En ese contexto coloca a Grealish: no como estrella absoluta, sino como pieza útil, capaz de sumar en un equipo que todavía quiere dominar. Roger está convencido de que esa mezcla de experiencia y personalidad podría haber marcado la diferencia en la lucha por el título. Incluso se atreve con una hipótesis clara: el City podría haber superado a Arsenal si esos jugadores hubieran seguido siendo parte activa del grupo.

Su preocupación no se queda ahí. Cita la salida de James Trafford como otro posible error de cálculo. Un aviso: desprenderse demasiado rápido de piezas que podrían tener peso en el futuro, mientras se discute si otros, como Grealish, deberían seguir o no.

“El peor fichaje desde Lee Bradbury”

Si June fue contundente, Paul sube el tono varios escalones. No pide una segunda oportunidad. Pide una salida inmediata.

Para él, Grealish es “el peor fichaje del City desde Lee Bradbury”. Una comparación dura, cargada de memoria histórica y frustración. Le acusa de vivir de una imagen inflada, “una leyenda en su propia cabeza”, y de aportar poco o nada en el campo.

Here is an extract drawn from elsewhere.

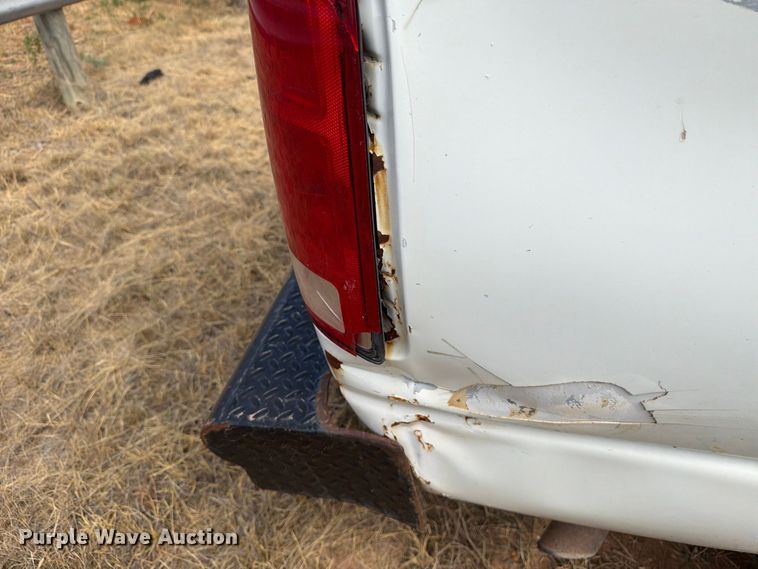 image for item DV8612 2003 Dodge Ram 2500 Crew Cab pickup truck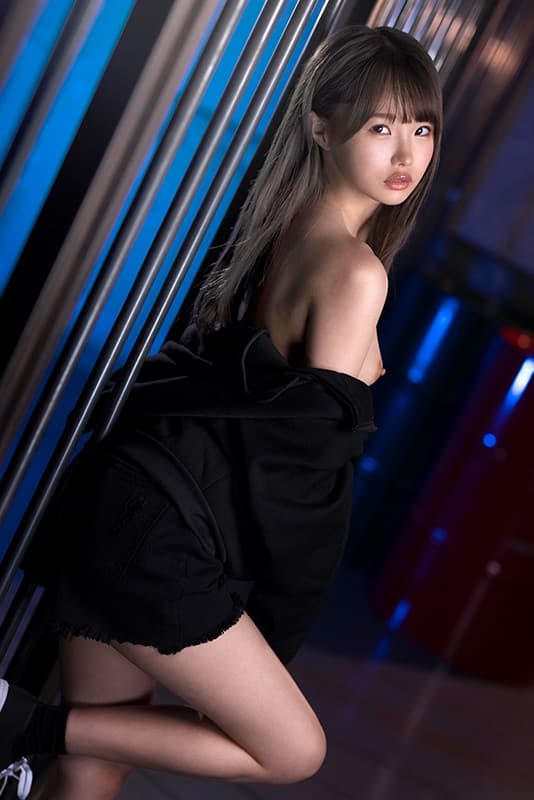 SAVR-117 【VR】この女は…絶対に狂ってる。金玉がズタボロになっても生々しく痴女られる逆拉致FUCK 松本いちか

El dorsal 10, símbolo de creatividad y jerarquía, se convierte aquí en un peso. Paul lo resume con una frase lapidaria: lleva el 10, pero no tendría puntería “ni para acertar a la puerta de un granero”. Crítica al remate, crítica al impacto real, crítica al aura de estrella.

Un número 10 sin sitio… por ahora

Entre el rechazo frontal y la defensa emocional, la realidad es tozuda: Jack Grealish ha vuelto a la ciudad, pero no al escaparate principal del equipo. Entrena, pero no viaja. Pertenece al grupo, pero su rol está en entredicho.

En un vestuario acostumbrado a la exigencia máxima, donde la competencia no perdona bajones de forma ni lesiones largas, el margen para reinventarse es mínimo. Grealish se asoma a una temporada que puede redefinir su carrera: recuperar un lugar en la rotación de élite o confirmar la sensación de que su etapa en el City se ha consumido antes de tiempo.

La grada ya ha hablado, y lo ha hecho en dos idiomas muy distintos: el del adiós inmediato y el de la última oportunidad. Ahora falta por saber en cuál de ellos responderá el club. Y, sobre todo, en cuál de ellos responderá Grealish cuando vuelva a pisar el césped con algo más en juego que una sesión de entrenamiento.